During the inter-war years Great Britain never really defined her naval policy in the event of another world war. For years such a conflict was deemed unthinkable, and so planning tended to be based around Britain’s imperial needs, the requirements of her peacetime fleet, and the naval strategy and tactics that had evolved during War War I. During the 1930s the growing threat posed by Germany, Italy and Japan forced the Admiralty to define the cruiser’s role in any future conflict. In theory they were the most flexible group of warships in the navy. Cruisers were fast, well-armed and could usually perform a range of naval roles. The heavy cruisers and Britain’s older light cruisers were earmarked to fulfil the long-established role of protecting the sea lanes and hunting down enemy raiders. However, they could also be used to support the main battle fleet if required. While the light cruisers built during the 1930s could also fulfil this role of commerce protection, there was no clear pre-war definition of what the navy expected of them.
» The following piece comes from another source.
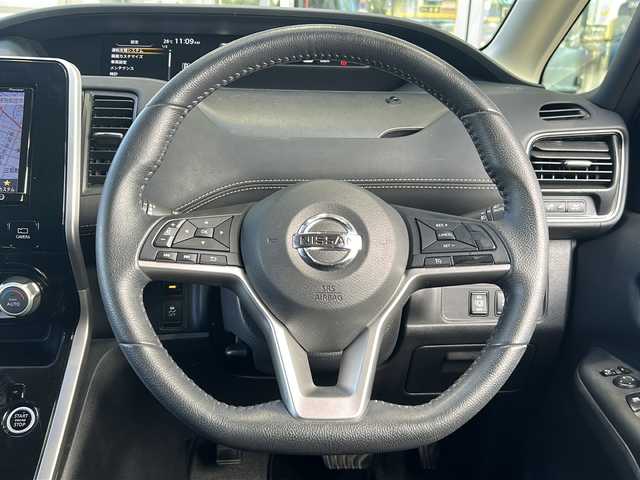 日産 セレナ ハイウェイスター Vセレクション 静岡県 2017(平29)年 7.1万km ダイヤモンドブラック カロッツェリアナビ/・フルセグTV/・CD/DVD/・SD/・Bluetooth/・FM/AM/主要装備/・アルパインフリップダウン/・両側パワスラ(ハンズフリー機能付)/・アラウンドビューモニター/・ＥＴＣ/・ＬＥＤヘッドライト/・フォグランプ/・クルーズコントロール/・エマージェンシーブレーキ/・アイドリングストップ/・横滑り防止装置/・パーキングアシスト/・リアオートエアコン/・サイドカーテンエアバッグ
Traditionally cruisers had been used to scout for the enemy, but that job was now better left to aircraft. Light cruisers were also too valuable and unwieldy to use to hunt enemy U-Boats – that task was best left to destroyers and smaller escort vessels. As war approached the Admiralty felt that the greatest assets of its new light cruisers were their firepower, speed and manoeuvrability. This made them well suited to providing anti-aircraft protection for convoys or task forces and for bombarding enemy coasts. They could also be used more aggressively to attack enemy surface forces or to raid their sea lanes. In the end this was exactly how Britain’s light cruiser force was used. It escorted the Arctic and Malta convoys in the face of enemy air attacks, it bombarded enemy positions in support of landings in north-west Europe and the Mediterranean, and it fought its Italian and German counterparts in swirling surface actions, where the cruisers’ combination of firepower and good fire control systems proved highly effective.
The E class cruiser HMS Emerald viewed in profile in Scapa Flow during the spring of 1943. At this time she carried a mixture of outdated single-mounted 6-inch guns, augmented by light AA guns, and a comprehensive radar suite.
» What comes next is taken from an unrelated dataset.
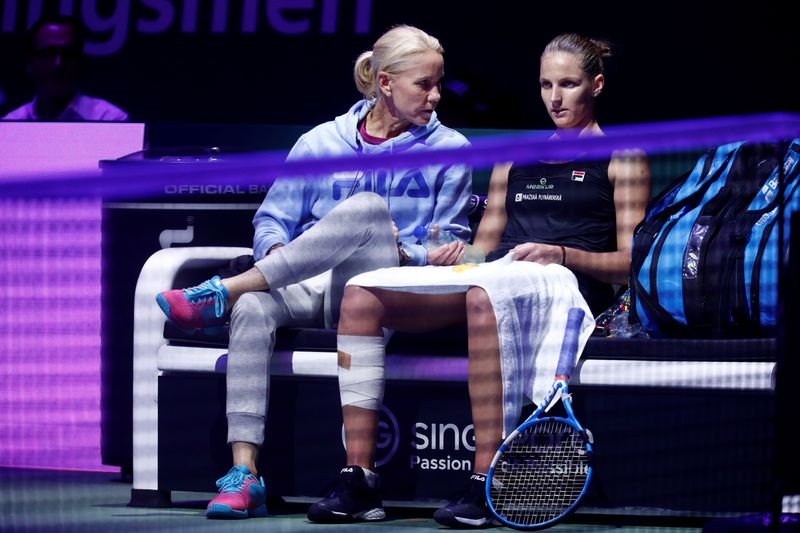 &copy; Reuters. لاعبة التنس التشيكية كارولينا بليسكوفا (يمين) والمدربة رينيه ستابز في صورة من أرشيف رويترز.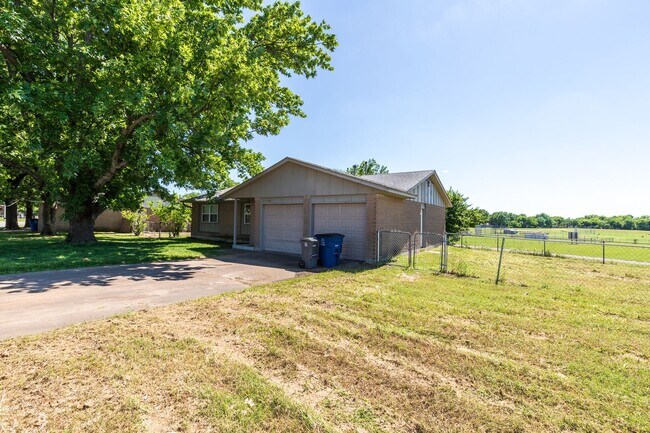 Foto del edificio - Charming 3 Bedroom in East Tulsa Home!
For the most part Britain’s wartime light cruisers were equipped with two types of ordnance; the 6-inch gun or the 5.25-inch gun. The move away from 8-inch guns came about as a result of the London Naval Treaty, and it also led to the abandonment of smaller calibre cruiser ordnance in favour of the 6-inch Mark XXIII Breech-Loader (BL) gun. In all, around 469 of these guns were produced, making them the most commonly used medium calibre breech-loading gun in the fleet. The first 6-inch breech-loaders had been introduced into the navy in 1879, and during World War I more modern versions of the weapon were used to provide secondary batteries in armoured cruisers and battleships, and as a main battery weapon in some smaller cruisers. The Mark XXIII was essentially a slightly modified version of these earlier weapons. It was therefore somewhat old-fashioned, as it was loaded manually and relied on a secondary bagged cordite charge, but it was reliable, accurate and effective.
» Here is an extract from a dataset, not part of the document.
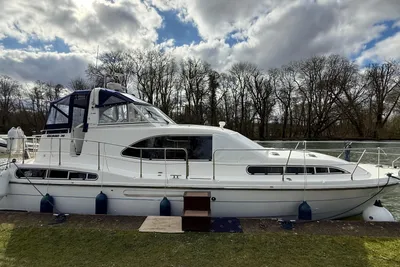 1999 Broom Ocean 38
The real difference between the 6-inch Mark XXIII and earlier 6-inch guns was its mounting. It was compact and well suited to being incorporated into a twin or triple turret. Designs for these turrets were approved by the DNO in 1930 and 1932 respectively, and these were duly incorporated into the design for the British Leander and Arethusa classes (using twin Mark XXI mountings), the Southampton class (with triple Mark XXII mounts), and finally the Edinburgh, Fiji and Swiftsure classes, which used triple Mark XXIII mountings.
The original intention was that these guns would be used to engage aircraft as well as surface targets, so that the guns would create a flak barrage to prevent enemy aircraft from approaching the fleet. The turrets were designed to permit very high gun elevation, but it was soon discovered that a combination of relatively slow rate of fire and turret rotation and training meant that the guns were unsuited for this role. However, as conventional guns they proved very effective, with a range of just over 24,000 yards (12 nautical miles). While these guns fired accurately, when the triple turret was first introduced into the Southampton class it was found that the fall of shot was too scattered. On investigation it was discovered that the shell from the central barrel was deflected slightly by the blast of the two outer guns. This problem was soon solved by setting the central barrel back slightly inside the turret and using an electrical circuit to delay firing by a second.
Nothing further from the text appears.